For the K. pneumoniae (Kp) AcrB sample, 3.5 µL of purified KpAcrB (4.2 mg/mL in 20 mM HEPES pH 7.5, 150 mM NaCl, 0.02% DDM) containing 165 µM of BDM91288 inhibitor (prepared from a 16 mM DMSO stock) was deposited onto glow-discharged Quantifoil R1.2/1.3, 300-mesh Cu holey carbon grids (Quantifoil Micro Tools GmbH)20.
All samples were vitrified in liquid ethane using a Vitrobot Mark IV (Thermo Scientific, Waltham, USA) at 4 °C and 100% relative humidity. Prior to vitrification, Whatman blotting papers (grade 595) were pre-equilibrated in the Vitrobot chamber for 1 h under the same conditions. Blotting was performed with a nominal blot force of −25, a wait time of 40 s, with blotting times of 8 s and 10 s.
Single-particle cryo-EM data collection
The EcAcrB BDM91531 sample was imaged using a Titan Krios G1 cryo-TEM from Thermo Scientific (Waltham, USA), operating at a voltage of 300 kV. The microscope was equipped with a K2 Summit direct electron detector and a GIF Quantum S.E. post-column energy filter (Gatan Inc.), configured in zero-loss peak mode with a 20 eV slit width. A total of 2597 micrograph stacks, each comprising 26 frames with a frame time of 0.2 s, were recorded in counting mode. The dose rate was maintained at 9.6 (e−/Å2 s−1) and a total dose of 50 (e−/Å2 s−1) was applied per micrograph. Data were collected at a nominal magnification of 130,000x (1.05 Å per pixel) in nanoprobe EFTEM mode using SerialEM v3.840. The defocus range was set between −0.8 and −3.5 µm, with a step size of 0.1 µm. Dose-fractionated movies of the KpAcrB BDM91288 sample were acquired as described previously20.
Cryo-EM data processing
Cryo-EM data were processed with CryoSPARC v4.0-4.1.241. For the EcAcrB BDM91531 sample, a total of 2527 micrographs were subjected to beam-induced motion correction CTF estimation using the integrated tools within CryoSPARC. Initially, autopicking was performed using the blob picker with a particle diameter range of 100–160 Å. This process generated 2D classes, which were then used to create templates for automated template-based particle picking.
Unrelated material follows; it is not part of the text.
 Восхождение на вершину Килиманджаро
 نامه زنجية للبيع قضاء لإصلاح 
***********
Following template picking, 465,620 particles were extracted. Two rounds of iterative unsupervised 2D classification were employed to eliminate false positives and low-quality particles, resulting in 175,821 particles being selected for ab initio reconstruction into three classes. After this step, 175,821 particles were chosen for further processing, including local correction for beam-induced motion and per-particle defocus adjustment. CTF refinement was performed iteratively per group, followed by non-uniform refinement with C1 symmetry applied to refine the AcrB homotrimer, yielding a 3.15 Å map. Unsupervised 3D classification into four classes identified two different conformational states of the AcrB homotrimer, with 132,458 particles (classes 0, 1, 3) and 43,363 particles (class 2) representing each state (named class I and class II, respectively). Subsequent non-uniform and local refinement with C1 symmetry applied to classes 0, 1, and 3 produced an EcAcrB class I map at a global resolution of 3.23 Å, while class II was resolved at 3.52 Å (Fig. S6).
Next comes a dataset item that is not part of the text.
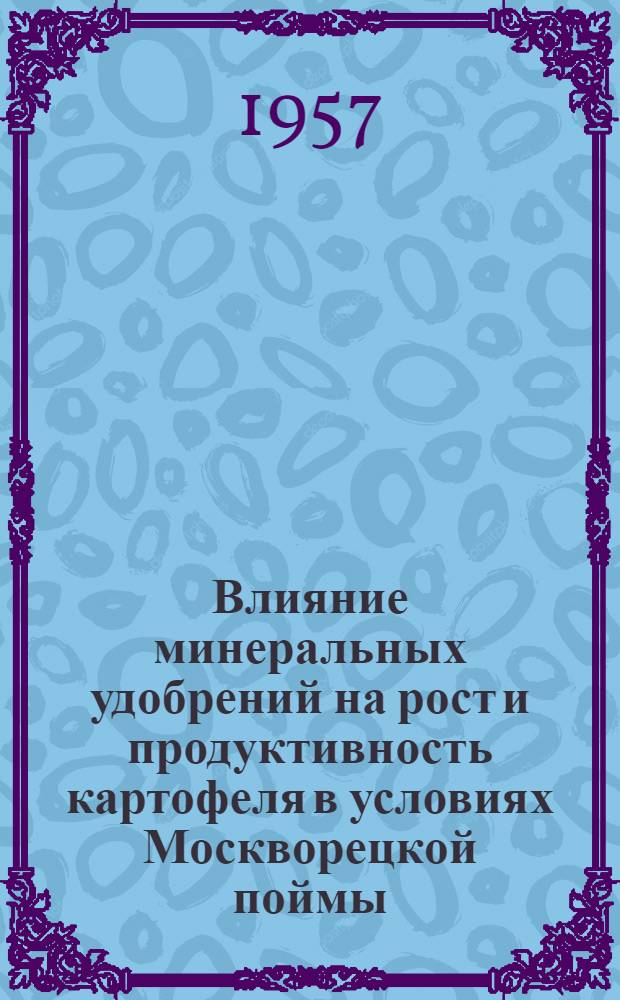 Влияние минеральных удобрений на рост и продуктивность картофеля в условиях Москворецкой поймы : Автореферат дис. на соискание ученой степени кандидата сельскохозяйственных наук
The data of the KpAcrB BDM91288 sample was processed as described in Vieira Da Cruz et al20. However, further processing steps and unsupervised 3D classification resulted in an additional unpublished second class of particles showing congruent conformational characteristics as observed for EcAcrB BDM91531 class II described above. Refinement of classes 2 and 3 yielded a KpAcrB BDM91288 class II map at a global resolution of 3.42 Å (Fig. S9).
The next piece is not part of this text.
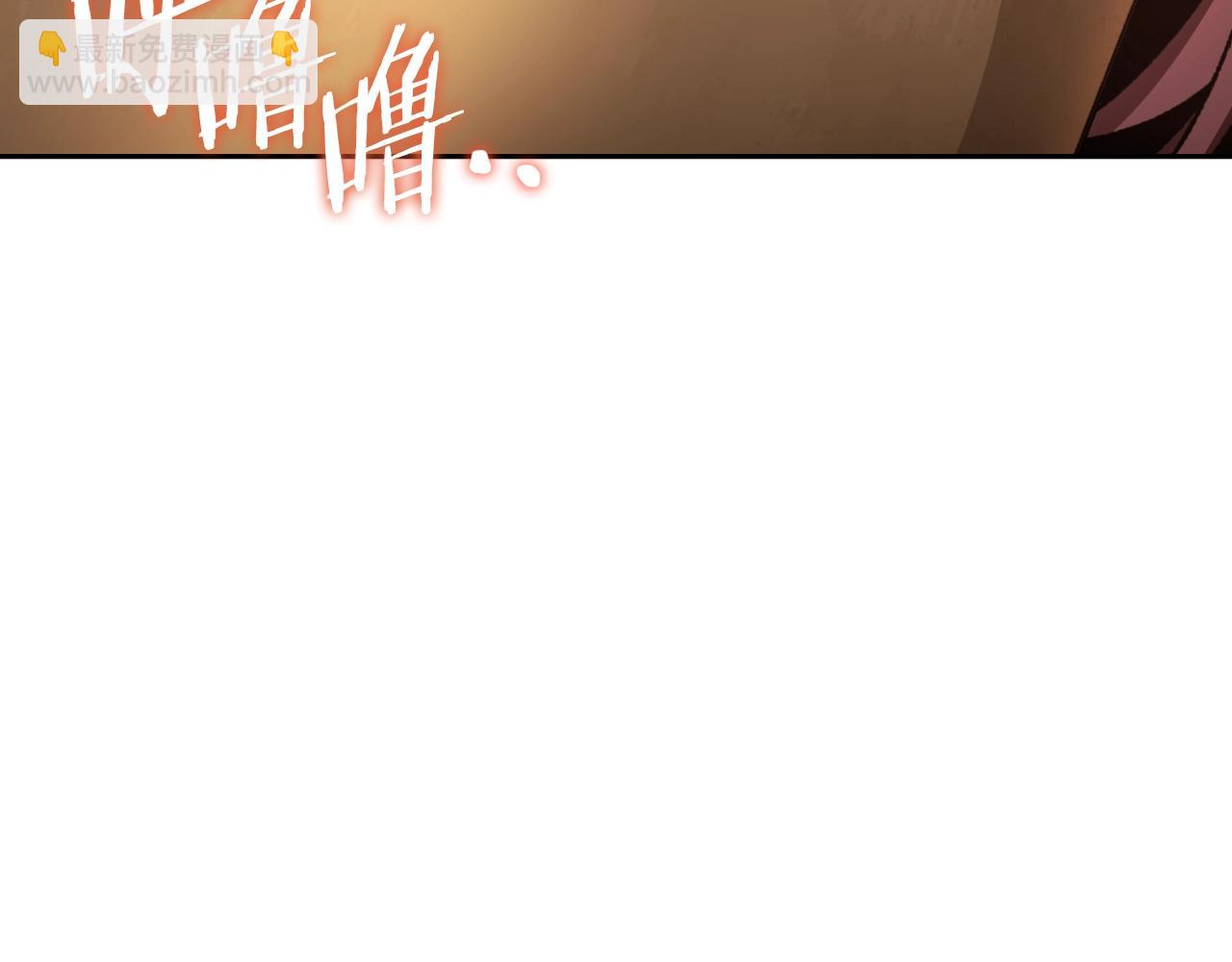第167话 暴赚一笔162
Model building and refinement
For the model building of EcAcrB classes I and II, the crystal structure of E. coli AcrB (PDB: 7OUK)19 served as the reference to create the initial models, starting with a round of real space refinement using Phenix35. The models were then iteratively adjusted manually in Coot34 and further refined through alternating cycles of Phenix real space refinement35 and refinement in Isolde42. The BDM91531 ligand descriptions were generated using the ligand builder tool in Coot. For EcAcrB class I, the observed lipid density was represented by phosphatidylglycerol 10:0/22:0, with the alkyl chain length chosen to best fit the density. The final structures were validated using MolProbity37. The cryo-EM density maps have been deposited in the EMDB with accession numbers EMD-18780 and EMD-18782, respectively (Table S5). The atomic models for EcAcrB classes I and II were also deposited in the PDB under the accession codes 8QZQ and 8QZT, respectively (Table S6).
For the model building of KpAcrB class II, Swiss-Model43 was utilized for the initial model generation. A structural model of E. coli AcrB (PDB ID: 7OUK)19 was employed as a template to create a starting model based on the amino acid sequence of K. pneumoniae AcrB (FDAARGOS_775). This preliminary model was then adjusted to fit the cryo-EM map through real space refinement using Phenix35. The structural model was further refined through an iterative process that included manual adjustments in Coot34 and alternating cycles of Phenix real space refinement35. The ligand descriptions for the BDM91288 inhibitor were created using the Coot ligand builder. The final KpAcrB class II structure was validated with Molprobity37. The refined structure for KpAcrB class II was deposited in the PDB under accession code 8QZL and the associated cryo-EM density map was submitted to the EMDB (EMD-18777) (Tables S5, S6).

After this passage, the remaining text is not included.